Innumerables cuentos, películas y leyendas populares nos vienen hablando hace siglos de ese “chispazo” a primera vista en el que dos almas predestinadas al fin se encuentran, de las “mariposas en la panza”, del amor para toda la vida. Ese amor que permite superar toda adversidad y que hace que las personas cambien, el amor que perdona los celos y enojos porque son “demostraciones de interés”, que conlleva una entrega total en la que dos sujetos se convierten en uno. Estas imágenes tan conocidas, también llamadas “mitos del amor romántico“, funcionan al modo de explicaciones sobre nosotres y sobre el mundo e indican el modelo a seguir. Son creencias tan eficaces en lo consciente y en lo inconsciente, que toman el carácter de verdad inmodificable. Cuentan con una gran carga emotiva y nos protegen de todos aquellos miedos, frustraciones, desencantos y exigencias en nuestras relaciones, prometiéndonos un futuro en el que va a aparecer esa persona que “necesitamos” a nuestro lado.

El lado B de este tipo de amor romántico es que quienes no logran adaptarse, pueden sufrir mucho en el intento. Aquelles que no tienen pareja viven con la sensación de estar “incompletes”, de no poder estar soles porque está mal o porque no es lo deseable/esperable, de transitar una carrera cuya línea de llegada hacia la felicidad es solo la de encontrar a la “media naranja”. Dentro del grupo de les que están en una relación, hay algunes que se aguantan todo: celos, controles excesivos, alejarse de otros vínculos, cambio de rutinas, gustos y aspectos de la personalidad… porque hay que dar todo para sostener ese amor. Y, por el otro lado, están quienes se escapan de las relaciones porque piensan que el amor es esa pasión desenfrenada de los primeros meses, quienes no pueden sostener un vínculo ante el primer defecto o cuestión que no les agrada, quienes no pueden soportar la idea de “atarse” a una persona o de ceder en sus tiempos y costumbres para abrirse a conocer a alguien. 

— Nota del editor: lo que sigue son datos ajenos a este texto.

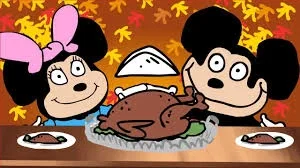 Mokey's show: A Thanksgiving feast dinner!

Les seres humanes nacimos para vivir en comunidad, y dudo que haya algo más gratificante que compartir el camino con les que amamos. El problema de sostener un ideal hegemónico sobre el AMOR es que nos quita la posibilidad de preguntarnos qué clase de vínculos queremos construir, de buscar las formas propias de amar, de mantener relaciones sanas en las que podamos crecer y ser libres.

¿Monogamia? ¿Poliamor? ¿Pareja homosexual? ¿Heterosexual? ¿Bisexual? ¿Vínculos duraderos? ¿Encuentros cortos pero significativos? ¿Convivencia? ¿Amores a distancia? ¿La soltería como un estado pasajero o como una elección? ¿Estar soltero es igual a estar solo? ¿El compromiso tiene que ver con el título otorgado a la relación? ¿”Amigos con derechos”? ¿Casamiento?

Tal vez no se trata de encontrar respuestas verdaderas o falsas. Tal vez, todas las opciones son correctas si nos permiten amar y sentirnos amades.